> _Problem_:
In the records below, find the line that contains "A213G18NP（高級時計）の商品画像 - 査定依頼日：2025年5月26日". Retype that line and all the lines after it through the end, leaving out the pictures.

> _Exercise input_:
- - - - - - -

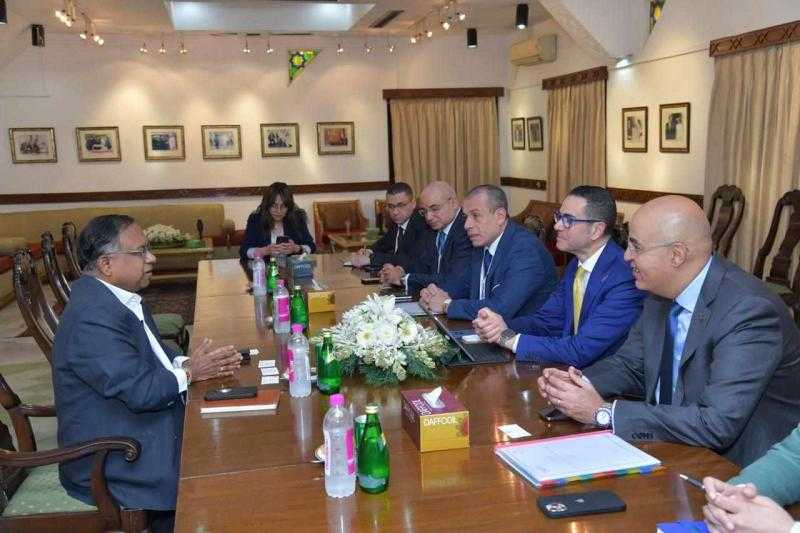 وزير الاستثمار يبحث مع شركة ”تاتا” للكيماويات فرص التعاون المشترك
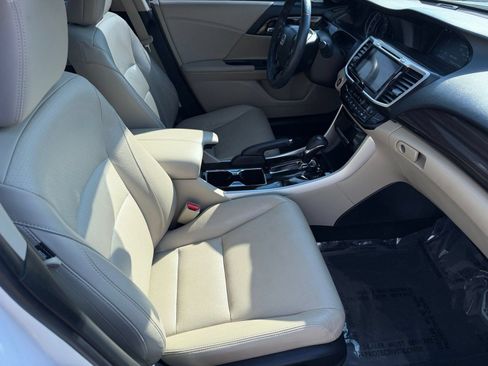 Used 2017 Honda Accord Touring image 26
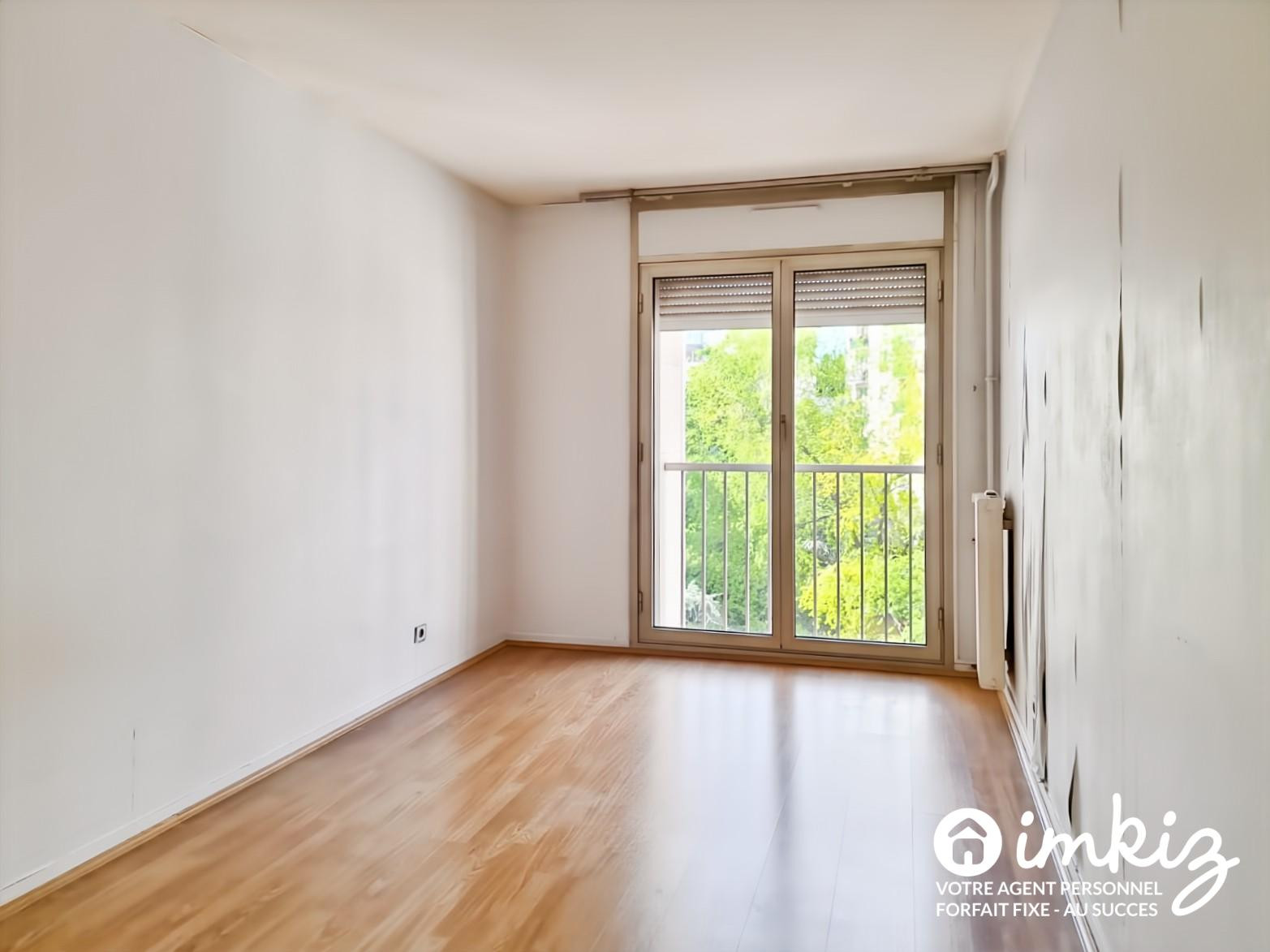 
                                                Vente
                                                 2 pièces 58m² Quai de Valmy, parking inclus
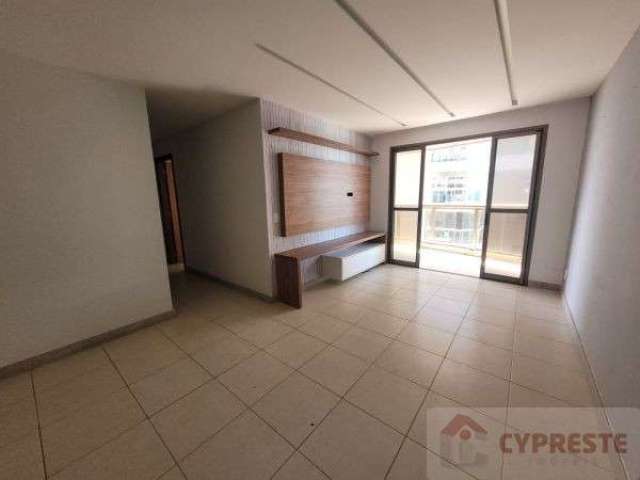 Apartamento com 3 Quartos para aluguel, 130m²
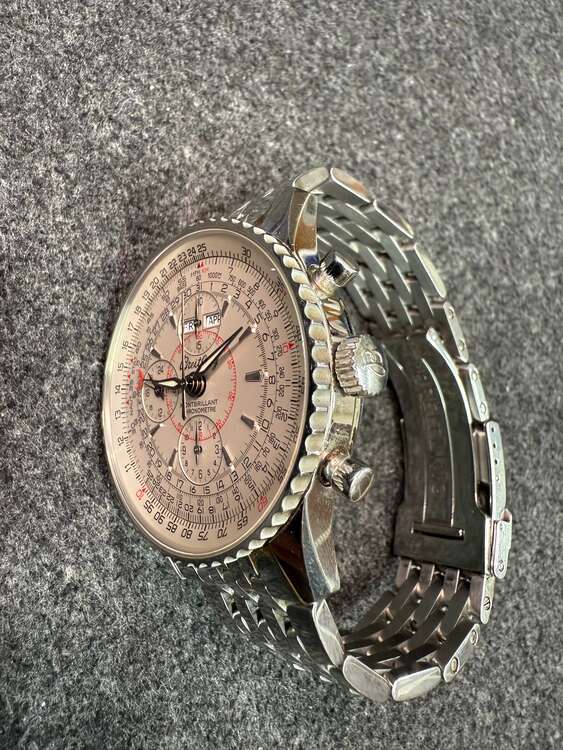 A213G18NP（高級時計）の商品画像 - 査定依頼日：2025年5月26日 - 最高査定価格：420,000円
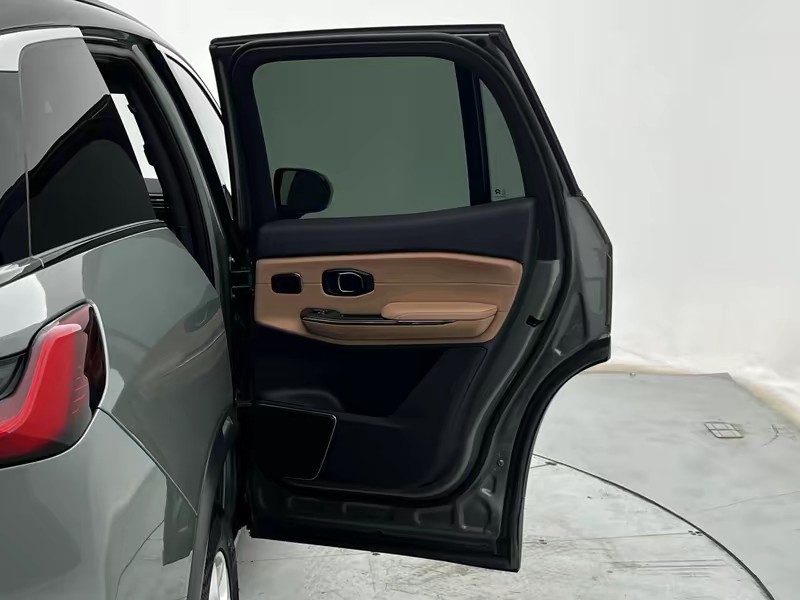 NIO NIO ES8 2020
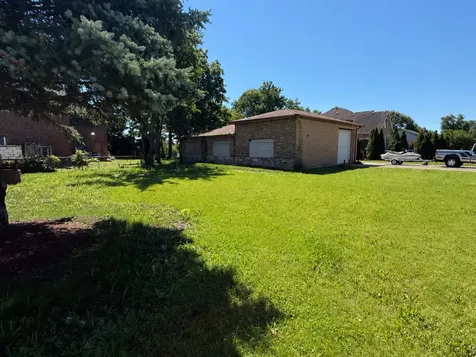 4N481 9TH Avenue Addison IL 60101
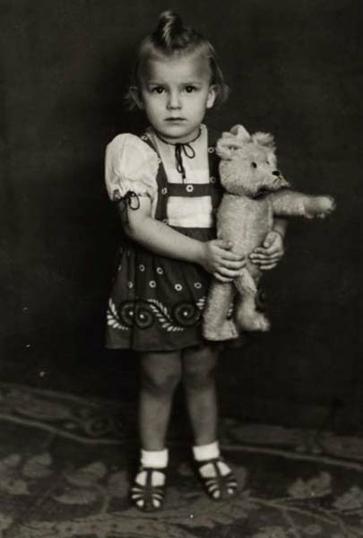 Valerija Mrkobrad u dobi od tri godine; snimljeno 1944.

- - - - - - -

> _Answer space_:
 A213G18NP（高級時計）の商品画像 - 査定依頼日：2025年5月26日 - 最高査定価格：420,000円
 NIO NIO ES8 2020
 4N481 9TH Avenue Addison IL 60101
 Valerija Mrkobrad u dobi od tri godine; snimljeno 1944.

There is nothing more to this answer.